We have applied a GWM&C toolkit for the Upper Duhe basin. The toolkit consists of two simulation models, SWAT(Soil Water Assessment Tool) and WEAP(Water Evaluation And Planning system), and information and decision support system − Lizard.

SWAT is specifically applied to explore the impact of changes in green water management on runoff, groundwater recharge and erosion. We have performed the biophysical modelling of the soil and water management using the SWAT model for the Upper Duhe basin. We have quantified the GWC-measures and effects on hydrology and erosion within the basin, in both space and time. This leads to scenario development in case policy makers want to evaluate past measures or preview results of future measures to be taken, to e.g. generate more blue water and reduce sediment loads of Upper Duhe.
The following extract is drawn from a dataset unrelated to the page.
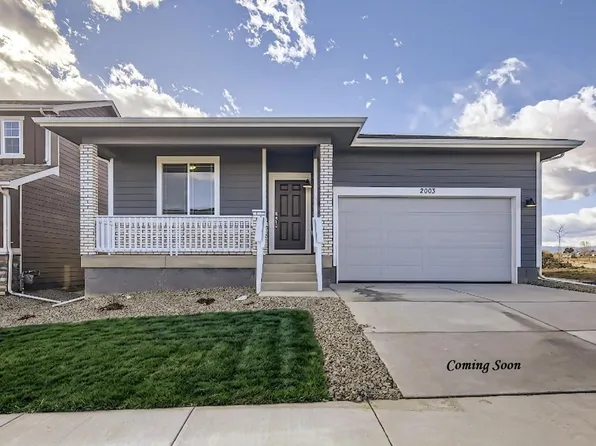 1830 Baltusrol Dr, Fort Collins, CO 80524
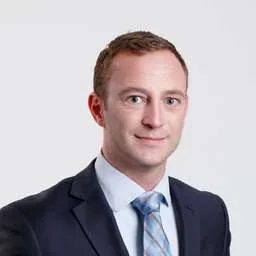 Ben Walker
The calculation results of this demonstration project for the five future GWC-interventions are plausible and mutual consistent. Based on the model calculations for the agricultural area, it can be concluded that for the overall Upper Duhe basin, the proposed GWC-measures will lead to further reduction of soil erosion and sediment loads to the streams.  The green water that is generated by the measures because of reduced surface runoff and increased groundwater recharge, leads to increased plant transpiration which is strongly related to crop production. This benefits the local farmer’s income, and does not increase the downstream blue water. The overall influence of measures taken in the agricultural area on the Upper Duhe basin as a whole is basically a matter of area, with agriculture covering less than 6% of the surface area. On the contrary, the forest land covers about 76%. Any significant measure taken in this area to decrease evapotranspiration and keep the erosion protection of forest land, will lead to increased blue water production for downstream use. Locally, improved agricultural practices by incorporating GWC-measures will lead to small changes in evaporation and transpiration, but to larger reductions of surface runoff, to less erosion, and to increased groundwater recharge.
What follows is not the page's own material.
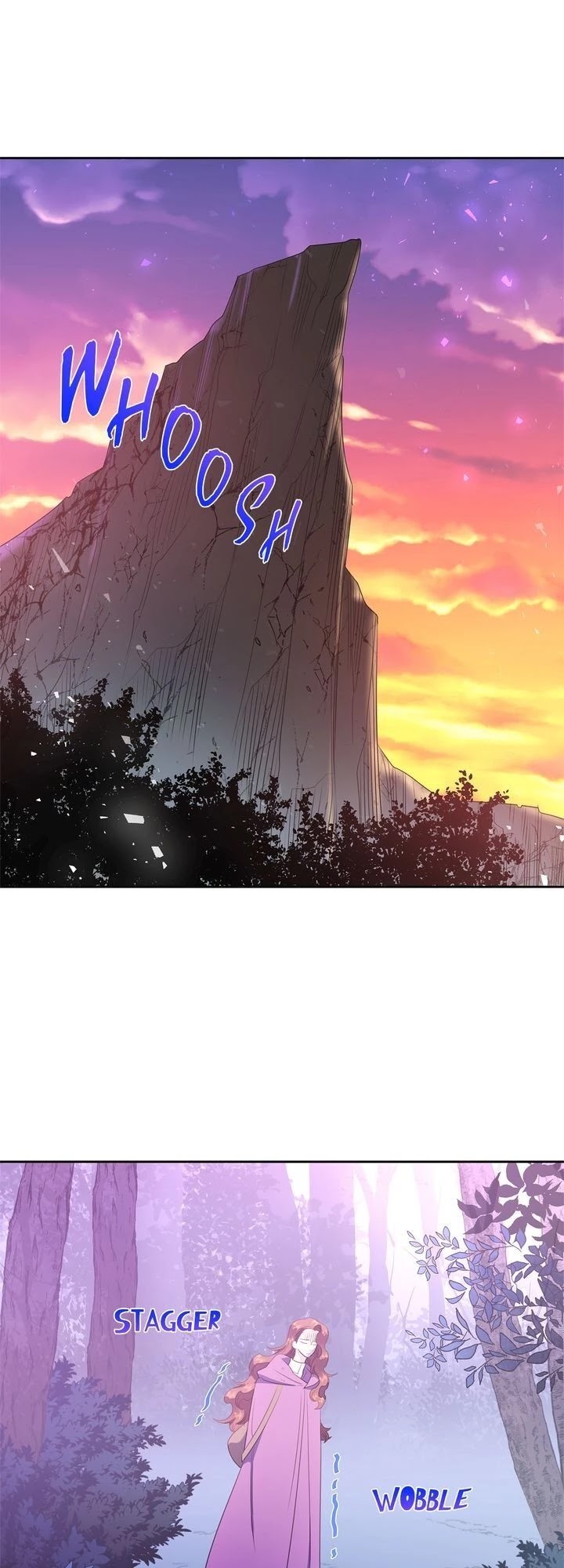 The Lady's Spaceship Chapter 72 page 1 - Chapter 72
WEAP links the upstream and downstream interactions and is particularly strong to evaluate and compare different scenarios, e.g. in terms of costs and benefits. We have applied the WEAP system to analyze costs and benefits of GWM&C-interventions in the Upper Duhe Basin using the output results of the SWAT model, costs of GWM&C-measures and water pricing. The quantification of costs and benefits leads to selection of effective and cost-efficient GWM&C-measures. For the Upper Duhe Basin, the WEAP model calculations result in a positive balance of cost and benefits for three GWM&C-interventions: stone lines, bench terraces, and contour tillage. Mulching almost reaches a break-even point at the moment. This means that the GWM&C measures  that we analyzed not only have a positive effect on green and blue water and erosion, but also gain positive financial effects. The return of investments on measures in the Upper Duhe Basin can be processed, based on these results.

We have developed a web-based information presenting and decision system for the Upper Duhe basin – Duhe Lizard Presenting & Decision System. The system allows all project partners to on-line view all the data and analytical results; and supports decision-maker to plan and monitor  implementation of green water management practices.

We found it very useful to face-to-face present our PvW-project results to Chinese stakeholders and get feedback for improvement of the results and discuss further cooperation in the pilot region and other regions of China as well. For that reason we had an extra trip to China during 27th October and 7th of November 2013. This trip was not planned in the contract of PVWS12001. Besides the project reporting in Wuhan, we attended a Workshop on Water Sustainability, Green Water Management & Credits and Rainwater Utilization – jointly proposed by ISRIC and Institute of Geographic Sciences & Natural Resources Research of Chinese Academy of Sciences (IGSNRR-CAS) and hosted by IGSNRR-CAS in Beijing; and visited Institute of Soil & Water Conservation, CAS on discussion on cooperation on application of Green Water Credits in Yanhe (Yan River) in the Loess Plateau.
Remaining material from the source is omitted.